Review of Bob Ellis’ book Goodbye Jerusalem in The Weekend Review, The Australian, 5-6 April 1997.
This rambling, indiscrete, self-centred, intermittently hilarious and frequently tedious, 600 plus page book lives up to its sub-title: ‘Night Thoughts of a Labor Outsider’. This is so in two respects. Much of the turgid prose appears, in the colourful phrase of the author, ‘methylated’. Presumably that’s a state of mind more regularly achieved around midnight than during the day. Second, only a true outsider could write the romantic nonsense that pads this book.
Ellis currently works for the Premier of NSW and the Federal Leader of the Opposition, Kim Beazley, and previously worked with other Labor figures over the years. He has been a prolific author and, famously, the originator of and script writer for the ‘True Believers’ ABC television series. Surprisingly, we learn in several parts of the book that he has refused to watch this program as he quarrelled with the producers over their choice of leading actors and some changes to the script. In 1994 Ellis was popularly exalted as the independent candidate against Bronwyn Bishop in the Sydney electorate of MacKellar.

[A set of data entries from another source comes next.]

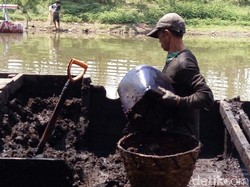 Bergelut dengan Gambut, Rezeki dari Dasar Rawa Pening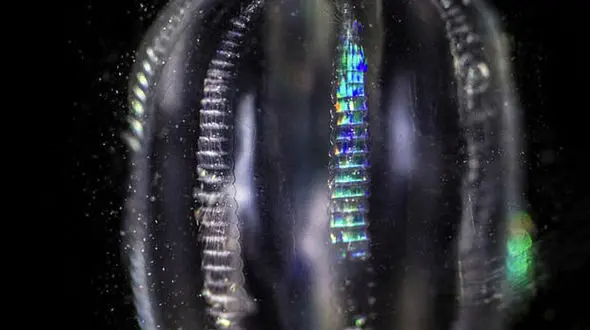 کشف قدیمی ترین حیوان روی زمین+ عکس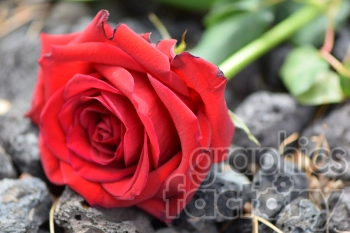 red rose with stem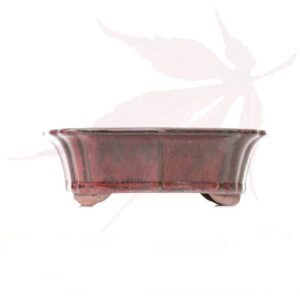 Pot à bonsai n°124 – 19.5×15.5×6.5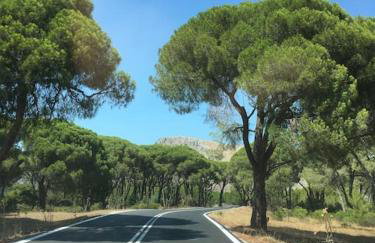 Villa Anastasia! in STROFYLIA pine FOREST!!! - Foto 3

But he does not shine here. Unfortunately this book is far too long, idiosyncratic, too repetitive and too self-consciously arty. It is divided into eight sections and 46 chapters, not all of which connect with one another.
In the promotion of this now to be pulped book, Ellis has posed for photographers as an innocent, a Leunig-like cartoon character. Perhaps this was a mask assumed in the vain hope of warding off libel suits. Vain, because there are many passages conveying private thoughts uttered to Ellis on the understanding they would never be shared with the public. But then, albeit briefly, before the book was withdrawn from the shelves, the confidential blazed in print. As a result, Ellis will be treated as even more of an outsider than he was before.
Ellis sometimes comes up with some good lines. In one section, written on a certain Friday at midnight, he states “John Howard’s own aeroplane was struck by lightning last week, he ended a bad week for him, and turned back to Canberra and landed. He was quickly put on another plane and Bronwyn Bishop put on the plane that was damaged. It is not known if she struggled. This plane then took off in a deepening storm. One could come close to liking a man who thought of that. I know he was grateful for what I did to her. I shall no doubt get my rewards in the next world where things really matter.” His description of Downer is hard to beat: “the great thing about him is that he’s all of the piece, and so recognisable – the actor-manager in a travelling North-of-England amateur production of Charley’s Aunt, the deferential bar man at the TV Great Escape, the brother-in-law you endure over dinner who’s never worked a day in his life and gets whoopsy after a couple of glasses of wine, a personality somewhere between Gordon Chater and a pan-fried pizza. It is to such men that we have given the country, and they will not easily give it back.”
He captures the melancholy recognition of the absurdities of politics by the Premier of NSW: “Carr explained to Lizzie how vulgar and raucous the State House was and gave a fair sketch of the proceedings – ‘boo, rubbish’, ‘go bag your head’. He was now being held responsible, he complained, for the many stabbings and shootings in the past day and night (the severest climaxes of lifetimes under lesser state governments over many years) and was aggravated at the only real response, ‘these things happen’, was rhetorically inadmissible.”
Occasionally there is a glimpse of poetic insight and black humour about the situations and people he writes about. His tribute to Carr is an example: “… in a world of blokes and football jocks and hard-drinking he-men’s men with brains like burnt rissoles dipped in Fosters and paunches hanging over their shorts, he proved that the mind, the mind has mountains that the voters do not mind ascending at his side, that the brain is an erogenous zone, and it can be tickled, even in a populist campaign…” This might be poetry, but it is not politics – as is conveyed elsewhere in his brutal descriptions of the crudities of state politics.
His reflections on the MacKellar campaign are both pompous and sometimes bulls-eye scoring. He recognises, even here, the luck of the final result and the media interpretation. He suggests that there wasn’t much of a swing but because of his exaggerated claim that there was a significant two-party swing immediately after the result, this was believed by an eager media wanting to cut down Bronwyn Bishop.
Sometimes it appears that Ellis has never recovered from hearing the witty bon mot of Oscar Wilde: “If a thing is worth doing it is worth overdoing”. Hence the book is larded with quotes from his writings including The Hewson Tapes, sections from the True Believers series and from other works. It is overdone. There are also loads of quotes from favourite authors, including W.B. Yeats, Shakespeare, Les Murray, John Bunyan, and so on, sometimes apt and sometimes just there, like pearls in the mud.
The pity is that with a good editor Ellis may not only have avoided the libel sanctions that have now fallen on his head. He might have also have written a great book.